同じスペイン料理で組むなら、前菜は冷たいガスパチョ、卵料理を少し足すならトルティージャ・エスパニョーラが合います。重い料理を重ねすぎたくない日は、フィデウアやパエリアではなく、酸味のあるサラダを先に置く方が食卓が楽になります。
保存は冷蔵で3日、冷凍で3週間を目安にします。粗熱を20分ほど取り、浅い容器へ移してから冷蔵してください。大鍋ごと冷蔵すると中心が冷えにくく、翌日の味も重くなります。温め直しは小鍋に食べる分だけ移し、水大さじ2を足して弱火で8分から10分。電子レンジなら600Wで2分温め、一度混ぜずに器を揺らしてから、さらに1分温めます。

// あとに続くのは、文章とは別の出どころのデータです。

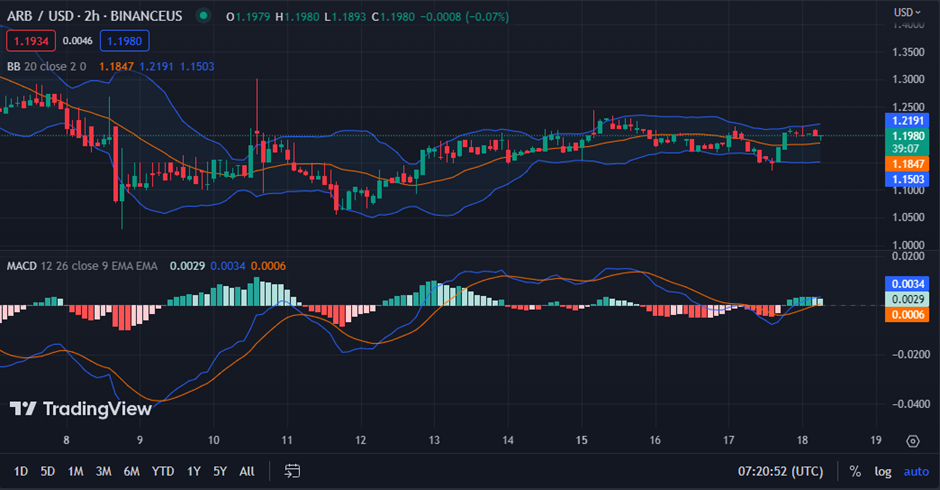 ARB/USD chart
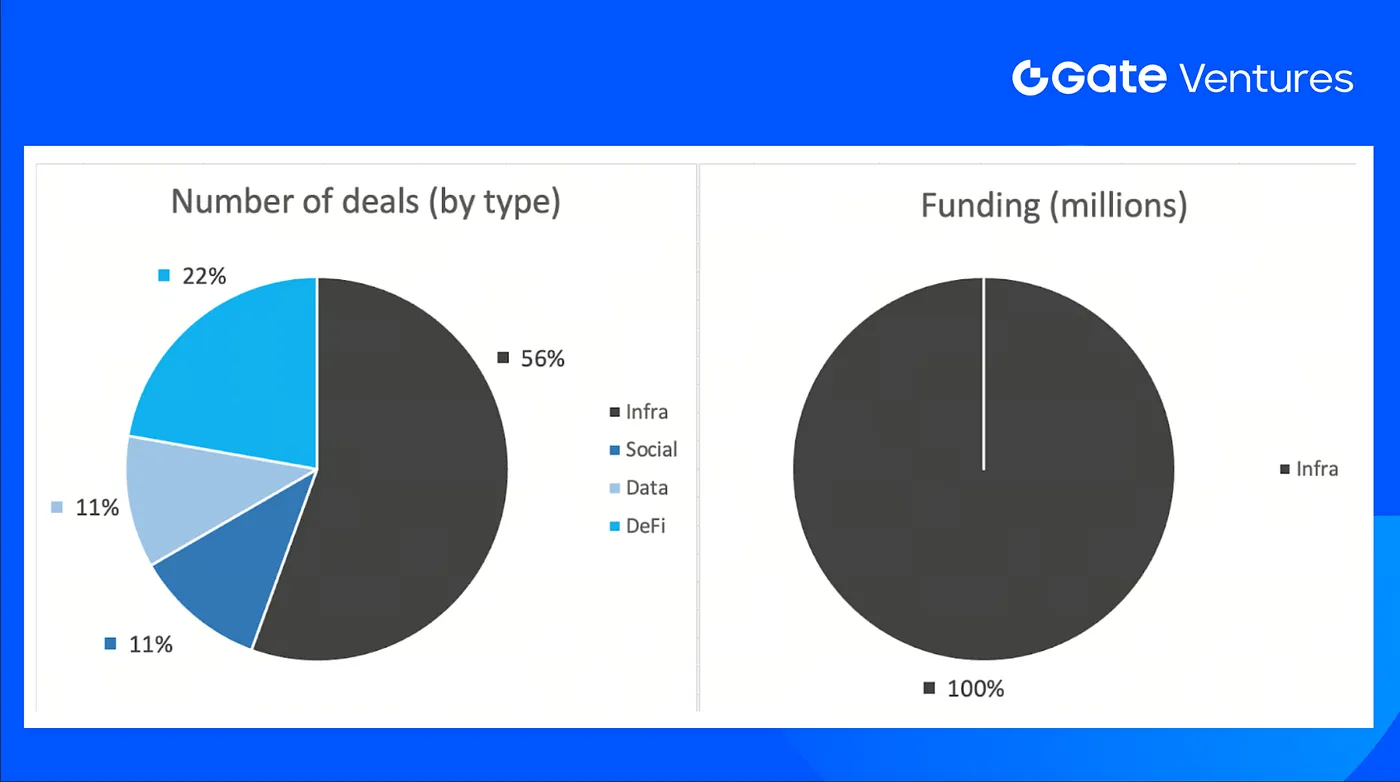 Gate Ventures Weekly Crypto Recap”></p>
<p>Tổng vốn công bố tuần trước là 275 triệu USD, 6/9 thương vụ không công bố số tiền huy động. Khoản vốn lớn nhất thuộc lĩnh vực Hạ tầng với 275 triệu USD. Thương vụ vốn lớn nhất: Rain (250 triệu USD), Babylon (15 triệu USD).</p>
<p><img src=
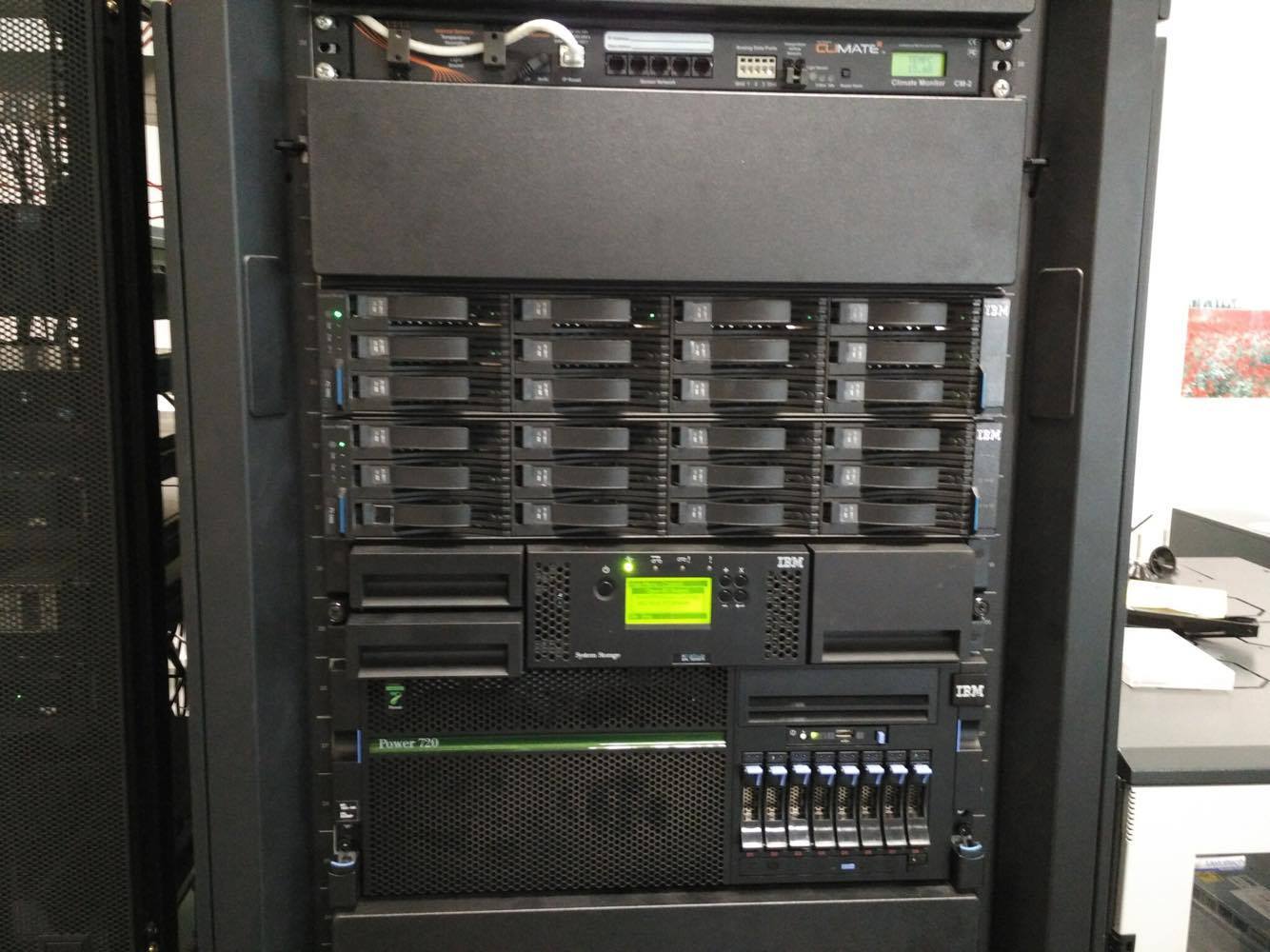 Razor Technology & Consulting | Athens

翌日は、煮汁を少し伸ばしてスープにしてもいいです。豆が崩れている場合は、パンにのせて食べるほうが向きます。チョリソが余ったら刻み、卵と一緒に焼いてトルティージャ風にすると、翌朝の食卓へつながります。
よくある質問
Q1. 水煮缶だけで作れますか?
作れます。水煮白いんげん豆800gを使い、煮込み時間は45分前後にします。最初から肉と一緒に長く煮ると豆が崩れるので、肉、玉ねぎ、にんにくを30分煮てから水煮豆を入れ、弱火で15分なじませます。乾燥豆より軽く仕上がりますが、平日の再現には十分です。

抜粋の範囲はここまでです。